* _TRY IT_
For this exercise, an exact copy is needed of only the lines from the one containing "Bild 1: Shellsort-Sortiernetz fr n = 8" through the end of the data, with pictures left out.

----

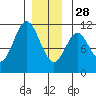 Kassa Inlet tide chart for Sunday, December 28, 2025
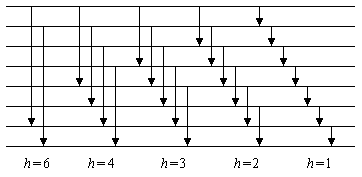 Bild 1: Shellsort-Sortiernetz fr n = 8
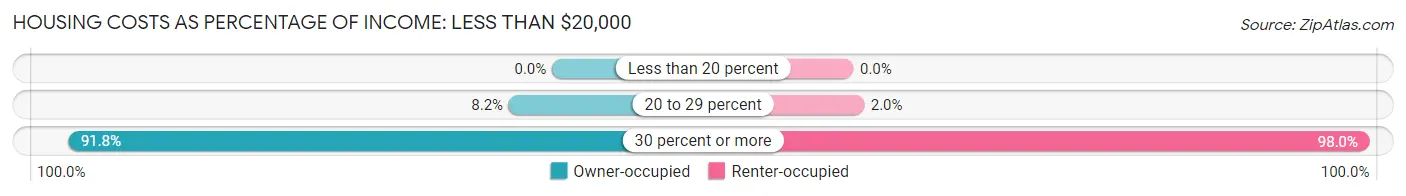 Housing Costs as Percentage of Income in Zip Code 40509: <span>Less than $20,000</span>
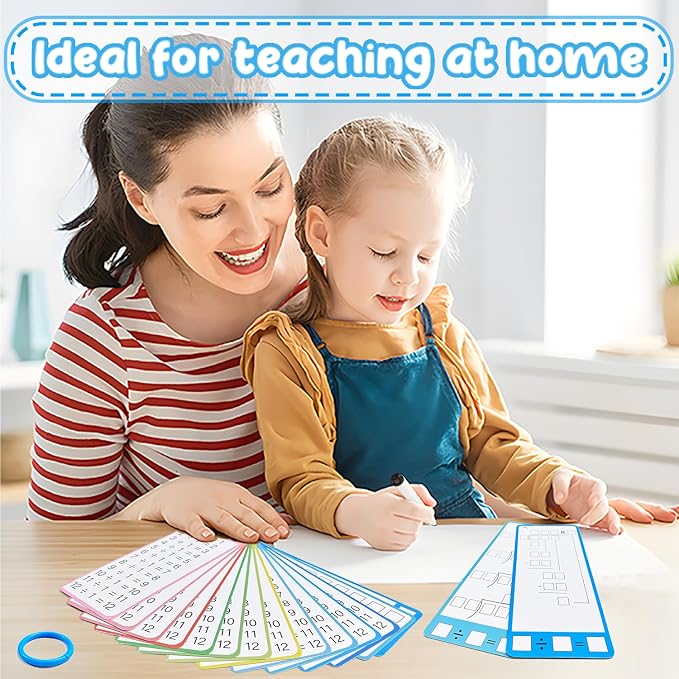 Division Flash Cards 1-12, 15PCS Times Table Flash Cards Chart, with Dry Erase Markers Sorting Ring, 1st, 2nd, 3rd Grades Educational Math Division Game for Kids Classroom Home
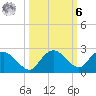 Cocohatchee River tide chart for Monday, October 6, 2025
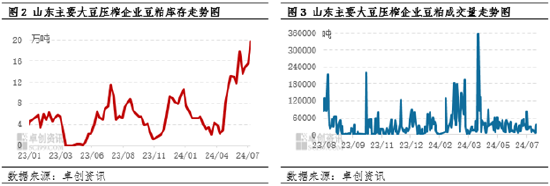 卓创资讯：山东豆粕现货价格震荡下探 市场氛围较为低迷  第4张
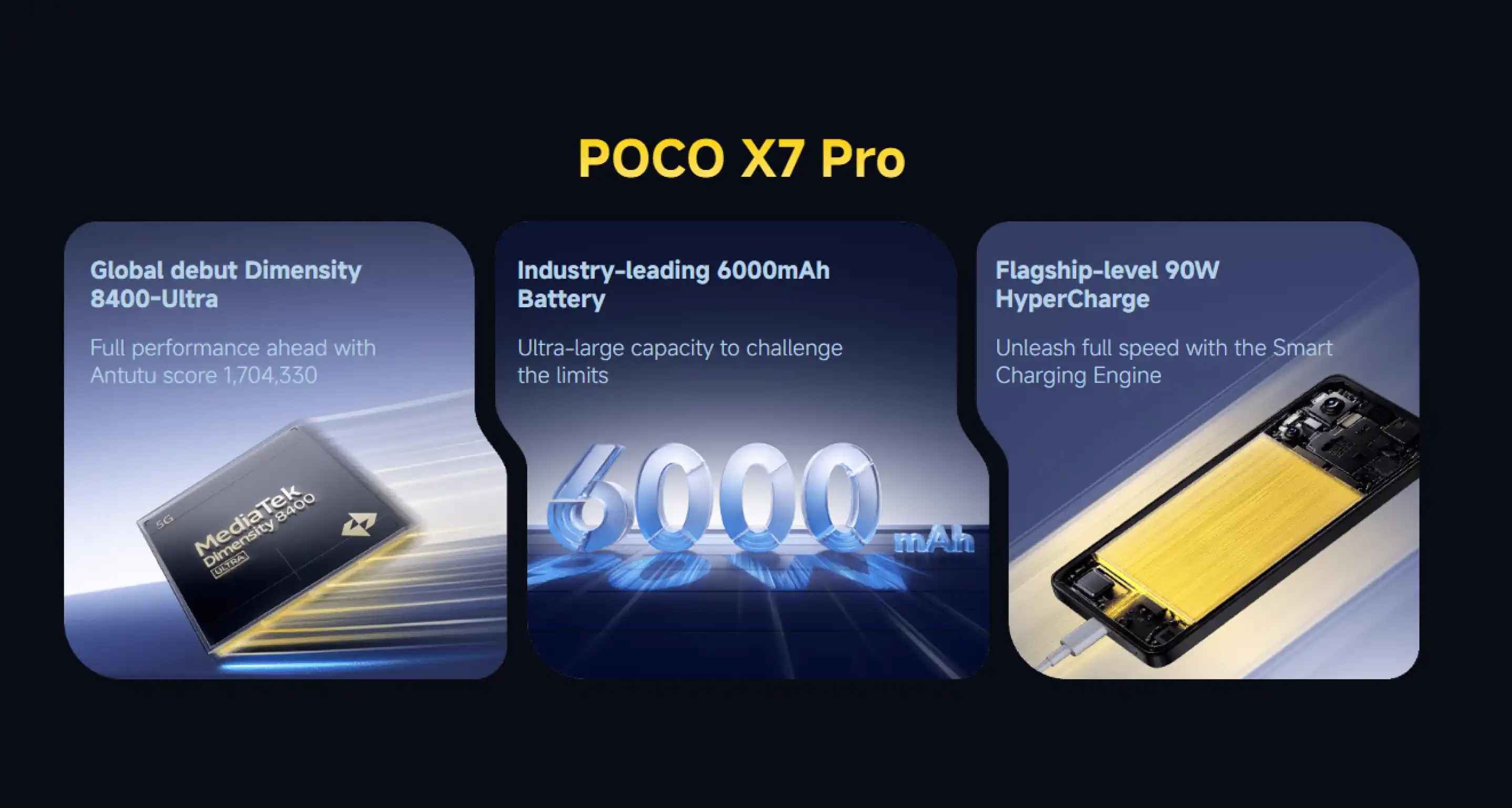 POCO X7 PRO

----

* _ANSWER BELOW_
 Bild 1: Shellsort-Sortiernetz fr n = 8
 Housing Costs as Percentage of Income in Zip Code 40509: <span>Less than $20,000</span>
 Division Flash Cards 1-12, 15PCS Times Table Flash Cards Chart, with Dry Erase Markers Sorting Ring, 1st, 2nd, 3rd Grades Educational Math Division Game for Kids Classroom Home
 Cocohatchee River tide chart for Monday, October 6, 2025
 卓创资讯：山东豆粕现货价格震荡下探 市场氛围较为低迷  第4张
 POCO X7 PRO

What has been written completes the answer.